The final show organized by Jill Dawsey for the UMFA, salt 6: Emre Hüner is the latest installment of the museum’s ongoing semi-annual contemporary exhibition series. Born in Istanbul and now based in Berlin, Hüner works in a range of media including film, sculpture, installation, and drawing. Hüner has exhibited widely – in recent years his work has been shown in Manifesta 9 (2012); Paradise Lost at Istanbul Modern (2011); and Nobody’s Property: Art, Land, Space at the Princeton University Art Museum (2010), to name a few. The work shown in salt 6 stems from Hüner’s residency at the Rijksakademie van Beeldende Kunsten in Amsterdam, where he worked in the ceramics studio.

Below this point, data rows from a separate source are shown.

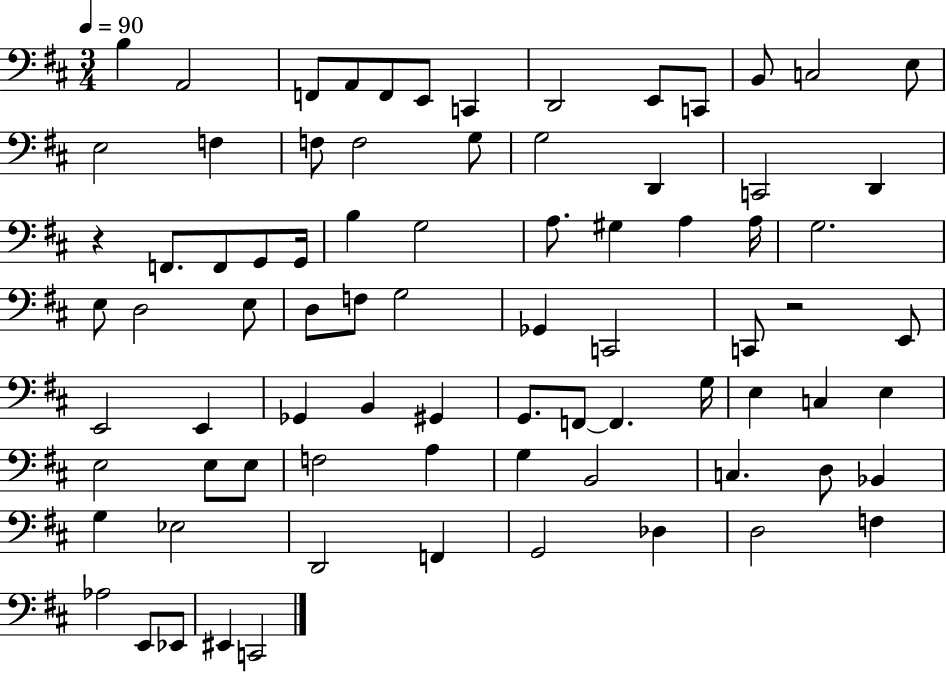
{
  \clef bass
  \numericTimeSignature
  \time 3/4
  \key d \major
  \tempo 4 = 90
  \repeat volta 2 { b4 a,2 | f,8 a,8 f,8 e,8 c,4 | d,2 e,8 c,8 | b,8 c2 e8 | \break e2 f4 | f8 f2 g8 | g2 d,4 | c,2 d,4 | \break r4 f,8. f,8 g,8 g,16 | b4 g2 | a8. gis4 a4 a16 | g2. | \break e8 d2 e8 | d8 f8 g2 | ges,4 c,2 | c,8 r2 e,8 | \break e,2 e,4 | ges,4 b,4 gis,4 | g,8. f,8~~ f,4. g16 | e4 c4 e4 | \break e2 e8 e8 | f2 a4 | g4 b,2 | c4. d8 bes,4 | \break g4 ees2 | d,2 f,4 | g,2 des4 | d2 f4 | \break aes2 e,8 ees,8 | eis,4 c,2 | } \bar "|."
}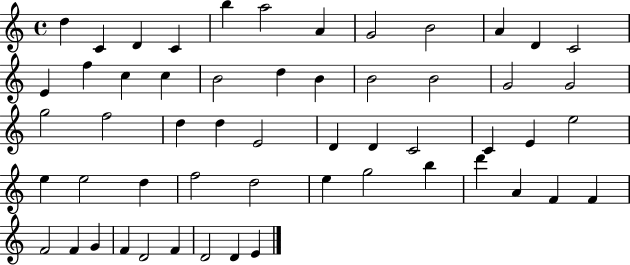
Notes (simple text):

D5/q C4/q D4/q C4/q B5/q A5/h A4/q G4/h B4/h A4/q D4/q C4/h E4/q F5/q C5/q C5/q B4/h D5/q B4/q B4/h B4/h G4/h G4/h G5/h F5/h D5/q D5/q E4/h D4/q D4/q C4/h C4/q E4/q E5/h E5/q E5/h D5/q F5/h D5/h E5/q G5/h B5/q D6/q A4/q F4/q F4/q F4/h F4/q G4/q F4/q D4/h F4/q D4/h D4/q E4/q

salt 6 offers a sampling of the many media in which Hüner works. The exhibition includes five ink drawings from the series Shrine of the Post Hypnotic as well as two new video installations titled “Aeolian Processes #1 and #2,” which feature a number of small sculptural objects of Hüner’s making. The videos are projected onto two free-standing wood and Plexiglas structures that simultaneously serve as projection screens, gallery partitions and sculptural entities in their own right.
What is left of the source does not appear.